VILLAIN 6

1 1 0
                                    

Tidurnya yang nyenyak terganggu.

Orang-orang sialan itu kembali mengganggu hidupnya!

Mereka mengikat tubuhnya dengan erat. Bahkan, meski Ao Hiraga terus berontak untuk melepaskan kedua tangan dan kakinya, belenggu dari besi itu tak bergerak sama sekali.

"Sialan! Lepaskan aku!" Ao Hiraga berteriak-teriak pada orang-orang bersetelan putih yang tengah sibuk itu.

Namun, mereka hanya menatap dingin, sambil mendekat dengan tangan-tangan penuh peralatan dan mesin.

Cahaya lampu ruangan tak terlau memudahkan pandangan, cukup temaram. Namun, Ao Hiraga bisa melihat dengan jelas semuanya. Tubuhnya berkeringat dingin, jantungnya berdebar kencang, kedua matanya membola lebar-lebar.

"Tidak, tidak, tidak." Ia meracau ketakutan.

Jelas dirinya tak berdaya sekarang, apalagi saat orang-orang itu kembali memasangkan alat demi alat yang menyakiti tubuhnya. Ao Hiraga hanya bisa meredam teriakan kesakitannya dengan air mata bercucuran tak tertahankan.

Suasana bertambah menegangkan tatkala kedua kaki Ao Hiraga yang sudah buntung, akan dipasangkan alat baru yang berbentuk aneh. Namun, tiba-tiba terdengar suara aneh seperti orang tercekik.

Ao Hiraga membuka mata dan menemukan para dokter itu sudah seperti orang yang sekarat. Tubuh mereka mengejang dengan mulut terus mengeluarkan suara cekikan. Lalu, ada gumpalan asap hitam yang mulai mengepul keluar dari tubuh mereka.

Lama-lama, gumpalan asap itu membentuk sesosok makhluk.

Ao Hiraga memelotot setelah wujud asap itu telah sempurna. Sosok itu bertubuh tinggi yang hitam sepenuhnya, dengan mata-mata menyala merah yang memancarkan ancaman. Di tangan kirinya, ada sebuah cawan. Di tangan satunya lagi, ada sebuah palu besar.
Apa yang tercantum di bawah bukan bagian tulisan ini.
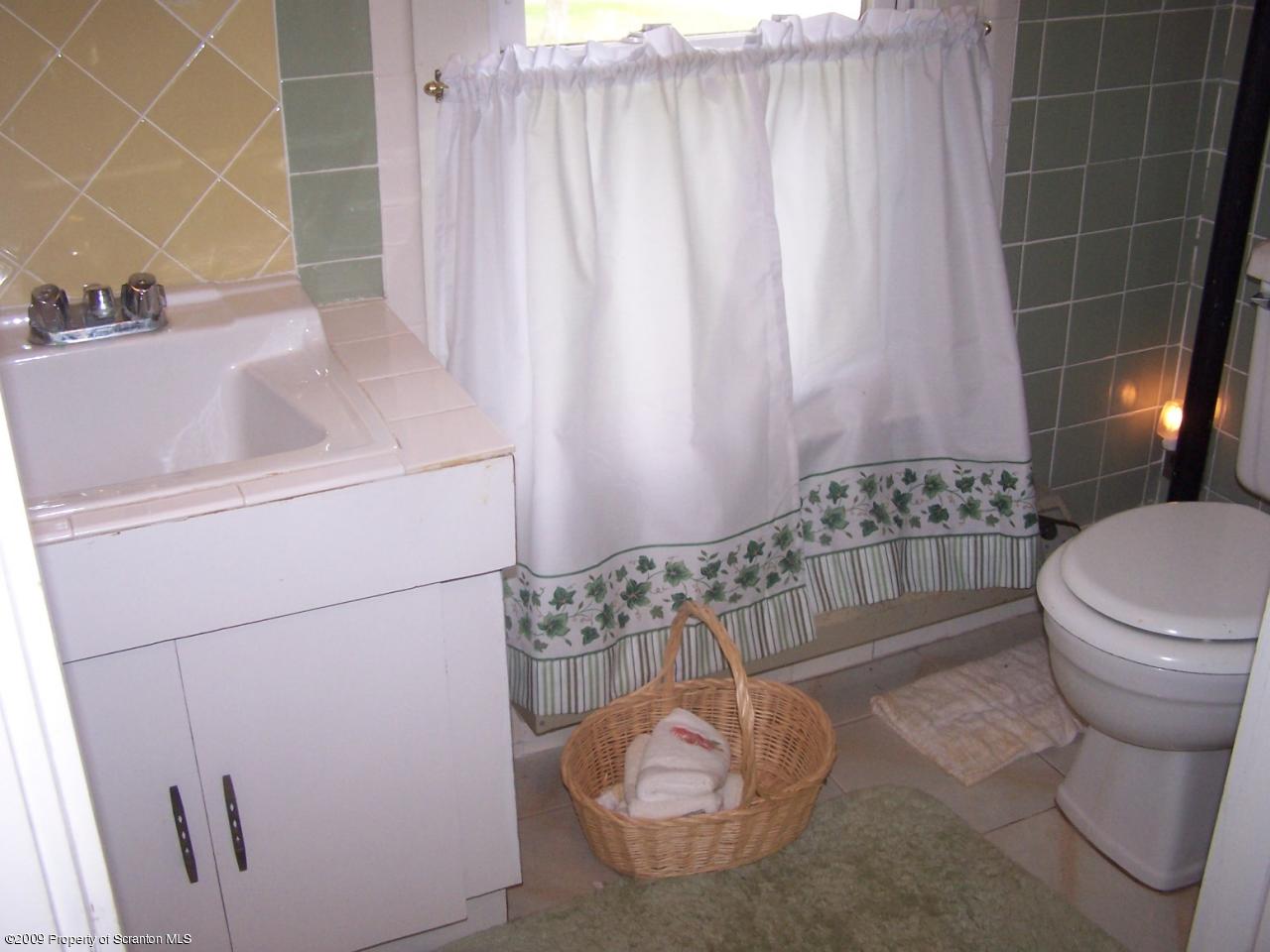 407 Gravity Road Lake Ariel, PA 18436 - Photo 4 of 27 a bathroom with a sink toilet and shower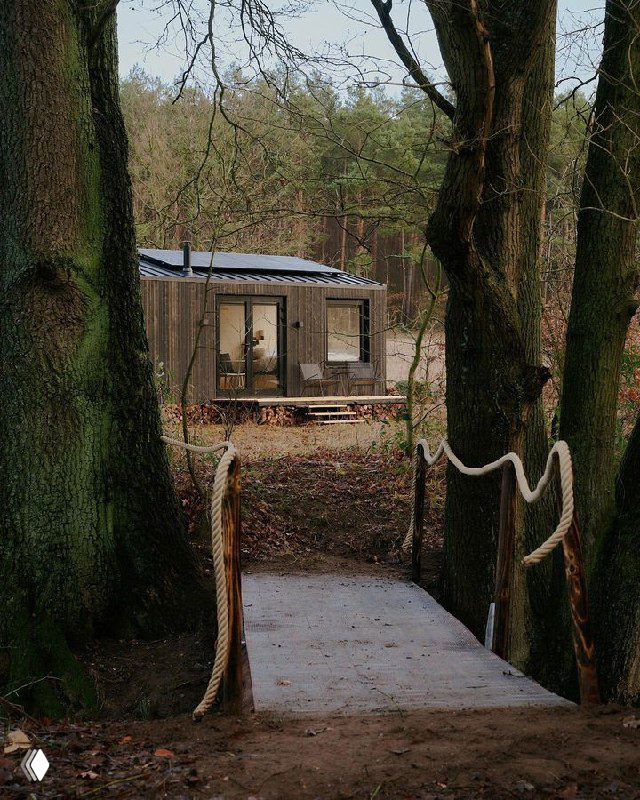 Маленький модульный домик-глэмпинг за деревянным настилом и канатным перилами, окружённый лесной подлеской и тропой к входу.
Sosok itu mendekat. Ao Hiraga jelas makin terpojok. Padahal para dokter itu seperti akan mati, dan ia memiliki harapan untuk terbebas. Namun, ternyata mereka malah menatap kosong ke arahnya, dengan senyum misterius yang seperti mengejek.

"Kau harus memakai ini."

Suara sosok itu begitu dalam, dingin, kejam, dan penuh ngeri.
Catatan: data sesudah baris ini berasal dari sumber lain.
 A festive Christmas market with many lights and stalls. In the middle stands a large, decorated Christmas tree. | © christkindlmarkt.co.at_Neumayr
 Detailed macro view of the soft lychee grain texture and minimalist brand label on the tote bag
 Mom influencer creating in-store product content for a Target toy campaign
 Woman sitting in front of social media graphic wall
Selanjutnya, nasib nahas Ao Hiraga berpindah pada makhluk seperti iblis kematian itu. Cawan yang tadi dilihat Ao Hiraga, ternyata dipasangkan tepat di puncak kepalanya, sesaat setelah tubuhnya dibuat berdiri.
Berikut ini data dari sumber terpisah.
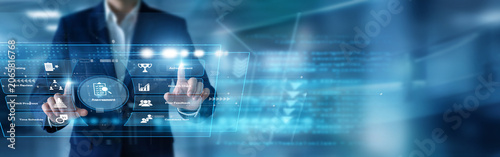 Quality controller reviewing metrics using hands executing a detailed Assessment protocol on a digital virtual screen showing performance benchmarks. Evaluating enterprise productivity.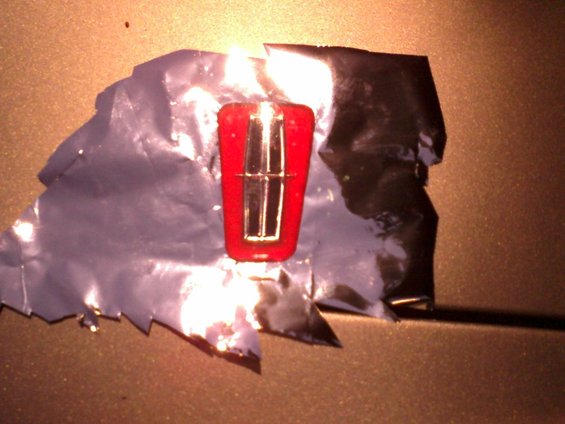 chromefilm.jpg I sprayed the star's background black, and the surround candy red for a unique look.
I used candy apple red to duplicate factory color. Standard black in the center.

To achieve the pearlescent look of the stock emblem, I used some mylar film on the back. This worked excellent for this.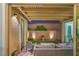 Cozy covered patio with brick flooring, ample seating, and a view of the landscaped backyard at 8126 Majestic Bighorn St, Las Vegas, NV 89166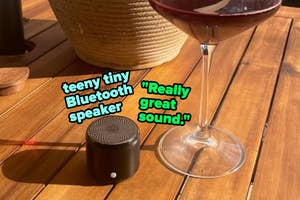 Very small Bluetooth speaker next to a wine glass, captioned with positive sound review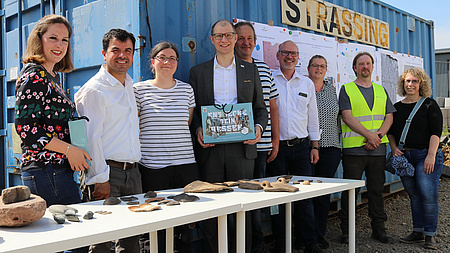 Neun Leute stehen vor einem Baucontainer. Im Vordergrund auf einem Tisch sieht man antike Scherben.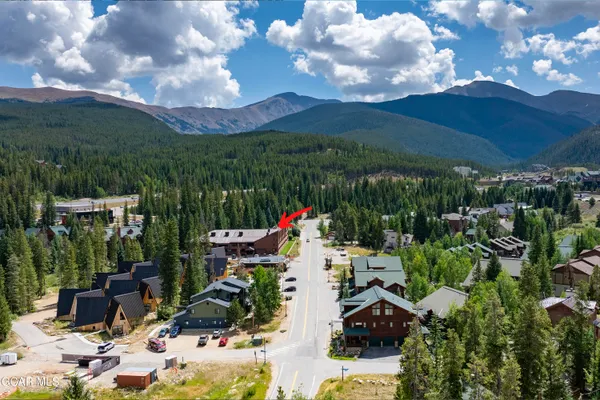 a view of a balcony with chairs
Lalu, sosok itu mendekat, mengangkat palu, dan mulai memukulkan cawan berleher runcing tersebut dengan sekuat-kuatnya di kepala Ao Hiraga.

"Berhenti!" Ao Hiraga merasa pusing bukan main. Nyawanya seperti akan tercabut. Darah yang mengucur dan terus mengalir deras dari luka di kepalanya, tak dapat menggambarkan kesakitan yang tengah dirasa.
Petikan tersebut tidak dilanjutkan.